26年前のイラン・イスラム革命は、もともとは王制打倒が民衆の目的であり、イスラム政権樹立は革命後の権力闘争の産物だと言われる。当時はオイルショックによって産油国イランに未曾有の好景気が訪れていた。社会は急速に財を成してゆく者と、その機会すら与えられない大多数の貧困層とに二分された。貧困層は、時代に取り残される孤独と、アメリカからもたらされる俗悪な文化への敵意、そして自分たちの伝統と文化が失われてゆく不安を募らせ、革命へのエネルギーへと昇華させていったのだ。

テヘラン中心街ハフテ・ティール広場そばのアフマディネジャード選挙本部を訪ねてみた。喪服のように上下黒で固めた男達に混じって僧侶の出入りも激しい。テヘラン州の選挙対策責任者レザー・ハー氏が答えてくれた。

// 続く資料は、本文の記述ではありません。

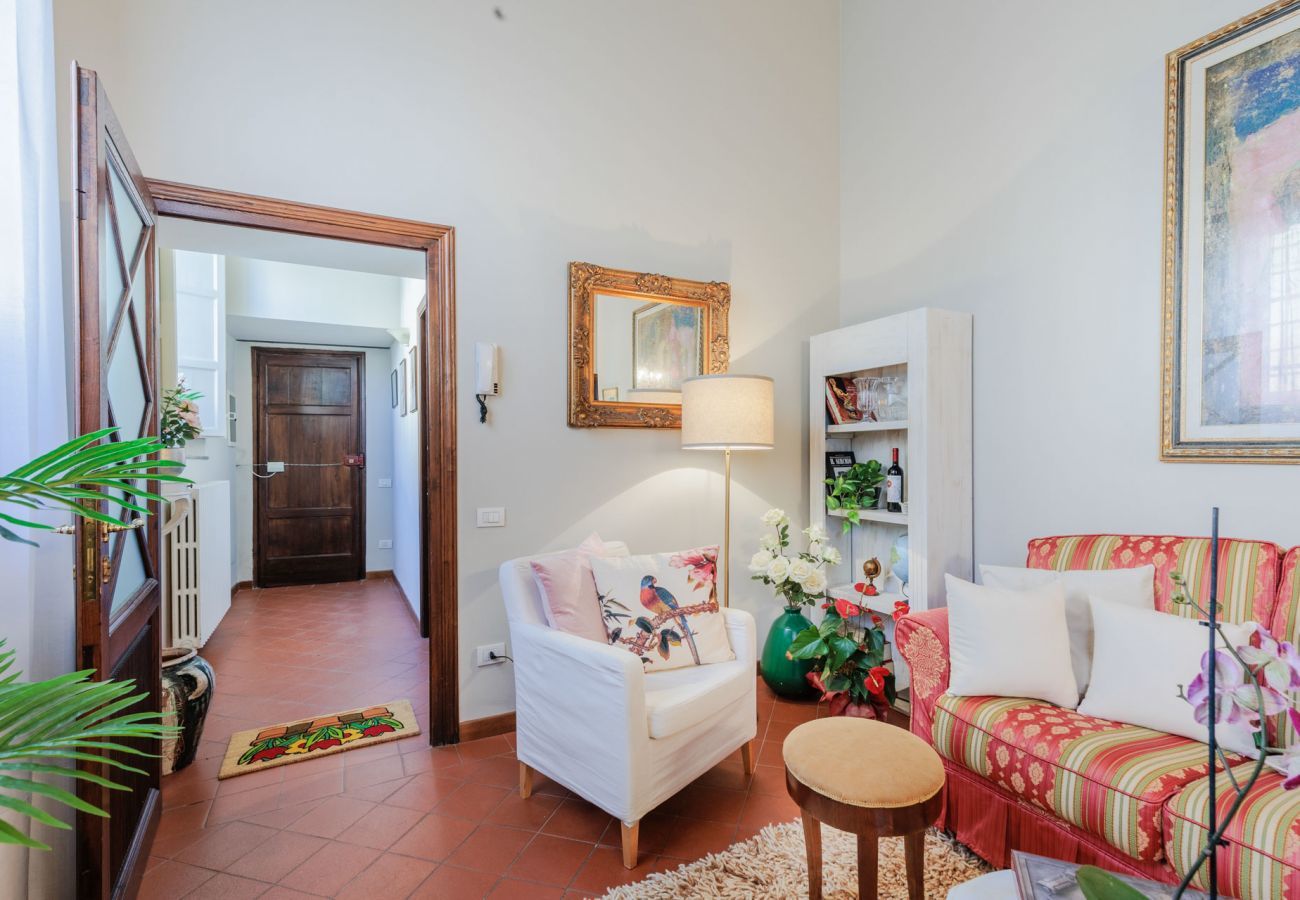 Appartamento a Lucca - The Garden Along The Stream, romantic apartment with private garden inside the walls of Lucca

「これまでの政府は石油やガスの売買だけに熱心で、それによって潤うのはわずか2500人程度の関係者にすぎなかった。アフマディネジャードの政府は全人口7000万人のための、民衆の政府なのです。石油やガスは神からの贈り物なので、すべての国民にその利益を還元しなければなりません」

―どのように還元するのですか?

「例えば、国民がいま必要としているものをよく検討し、そこに投資します。特に、若者が抱える諸問題の解決が先決です。一例ですが、イランには5100万ヘクタールの耕作可能な土地がありますが、実際に開墾されているのはわずか900万ヘクタールにすぎません。残り80パーセントにあたる4200万ヘクタールを開墾する事業に石油収入と無職の若者を投入するという案もあります」

これまで一次投票でアフマディネジャード氏に投票したという若者に会うと、必ず「アフマディネジャードはどんな人?」と私は訊いた。返ってくる答えは決まって次のようなものだった。

「いい人さ。テヘラン市長なのに生活は質素で、家も下町にあって小さくて、僕らと変わらない生活をしている。お昼ご飯はいつもお弁当を自宅から持ってくるんだ」

下町の宗教的な家庭で育った子供たちでなく、繁華街でたむろして、女の子が通るたびに冷やかしているような悪がきでさえこう答える。
アフマディネジャード候補は「民衆」の心をうまく捕らえていた。